Membangun Manusia Seutuhnya Menuju Indonesia Bebas Korupsi

Gambar sampul Membangun Manusia Seutuhnya Menuju Indonesia Bebas Korupsi

Membangun Manusia Seutuhnya Menuju Indonesia Bebas Korupsi

 

Oleh: Prasetya Utama

 

Prasetya Utama (Widyaiswara BPSDMD Provinsi NTB/FORUM PAKSI NTB)

 

 

 

"Korupsi adalah musuh bersama yang harus diberantas, karena akan menghancurkan bangsa ini dari dalam," ujar Bung Hatta puluhan tahun lalu. Ironisnya, peringatan itu justru semakin nyata hari ini. Indonesia yang dianugerahi Allah kekayaan alam melimpah seperti hutan tropis, tambang emas, minyak, gas, hingga laut yang luas masih terjerat praktik korupsi yang akut. 
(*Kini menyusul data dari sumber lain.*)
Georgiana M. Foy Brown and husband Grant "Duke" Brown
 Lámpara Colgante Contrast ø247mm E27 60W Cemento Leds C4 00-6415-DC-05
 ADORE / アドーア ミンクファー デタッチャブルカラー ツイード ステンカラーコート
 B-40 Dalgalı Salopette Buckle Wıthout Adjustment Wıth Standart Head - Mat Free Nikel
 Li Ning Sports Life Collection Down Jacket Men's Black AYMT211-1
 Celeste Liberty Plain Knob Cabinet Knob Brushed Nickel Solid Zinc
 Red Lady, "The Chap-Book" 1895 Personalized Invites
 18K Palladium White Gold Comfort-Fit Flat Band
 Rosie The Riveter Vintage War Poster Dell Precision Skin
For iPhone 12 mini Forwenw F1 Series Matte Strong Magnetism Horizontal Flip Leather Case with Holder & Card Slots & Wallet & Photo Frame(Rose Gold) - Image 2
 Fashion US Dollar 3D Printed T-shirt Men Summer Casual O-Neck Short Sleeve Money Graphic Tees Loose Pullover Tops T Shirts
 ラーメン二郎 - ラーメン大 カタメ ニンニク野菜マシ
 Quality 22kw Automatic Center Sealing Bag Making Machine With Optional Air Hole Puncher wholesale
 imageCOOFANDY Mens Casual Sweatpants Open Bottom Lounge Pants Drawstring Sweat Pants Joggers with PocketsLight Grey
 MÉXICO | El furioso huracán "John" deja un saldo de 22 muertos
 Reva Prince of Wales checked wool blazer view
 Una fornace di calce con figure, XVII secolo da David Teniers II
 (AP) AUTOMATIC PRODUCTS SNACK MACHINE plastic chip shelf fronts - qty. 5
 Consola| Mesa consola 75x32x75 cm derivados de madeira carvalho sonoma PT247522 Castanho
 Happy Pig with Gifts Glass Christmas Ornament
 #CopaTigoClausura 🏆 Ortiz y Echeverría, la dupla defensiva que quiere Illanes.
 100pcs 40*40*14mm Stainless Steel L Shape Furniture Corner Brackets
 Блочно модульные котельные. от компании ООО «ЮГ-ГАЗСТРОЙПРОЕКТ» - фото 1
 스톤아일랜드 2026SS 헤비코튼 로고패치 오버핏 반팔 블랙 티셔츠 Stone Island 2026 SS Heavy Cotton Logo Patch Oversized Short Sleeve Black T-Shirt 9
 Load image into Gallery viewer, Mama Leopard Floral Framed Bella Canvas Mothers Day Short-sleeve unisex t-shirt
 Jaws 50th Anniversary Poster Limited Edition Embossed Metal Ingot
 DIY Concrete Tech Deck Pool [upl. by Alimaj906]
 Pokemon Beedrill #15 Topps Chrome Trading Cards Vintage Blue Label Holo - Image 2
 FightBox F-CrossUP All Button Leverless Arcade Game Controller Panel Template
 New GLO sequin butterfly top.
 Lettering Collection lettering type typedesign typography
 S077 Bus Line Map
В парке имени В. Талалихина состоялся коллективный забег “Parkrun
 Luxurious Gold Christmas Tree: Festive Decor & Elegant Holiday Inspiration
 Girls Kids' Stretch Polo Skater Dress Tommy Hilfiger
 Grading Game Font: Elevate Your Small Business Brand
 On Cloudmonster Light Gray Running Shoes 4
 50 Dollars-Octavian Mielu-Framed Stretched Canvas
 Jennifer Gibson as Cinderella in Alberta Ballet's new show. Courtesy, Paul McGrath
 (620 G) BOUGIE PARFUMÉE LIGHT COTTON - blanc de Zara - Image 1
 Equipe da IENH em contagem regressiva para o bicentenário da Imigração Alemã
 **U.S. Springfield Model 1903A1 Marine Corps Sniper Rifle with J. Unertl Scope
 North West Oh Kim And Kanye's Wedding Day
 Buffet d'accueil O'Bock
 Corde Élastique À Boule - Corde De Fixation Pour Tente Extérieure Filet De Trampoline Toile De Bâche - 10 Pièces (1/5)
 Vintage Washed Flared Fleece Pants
Alih-alih menjadi berkah, kekayaan itu kerap berubah menjadi musibah karena dikelola oleh tangan-tangan yang tidak amanah. Tak heran, Transparansi Internasional melalui Indeks Persepsi Korupsi (IPK) tahun 2024 menempatkan Indonesia hanya pada skor 37 dari 100 dan berada di peringkat 99 dari 180 negara. Meski ada kenaikan dari skor 34 pada 2023, posisi ini tetap mencerminkan betapa korupsi masih mengakar dalam sistem dan budaya bangsa. Bahkan, hasil Survei Penilaian Integritas (SPI) 2024 yang dirilis KPK menunjukkan skor 71,53, masih berada dalam kategori rentan.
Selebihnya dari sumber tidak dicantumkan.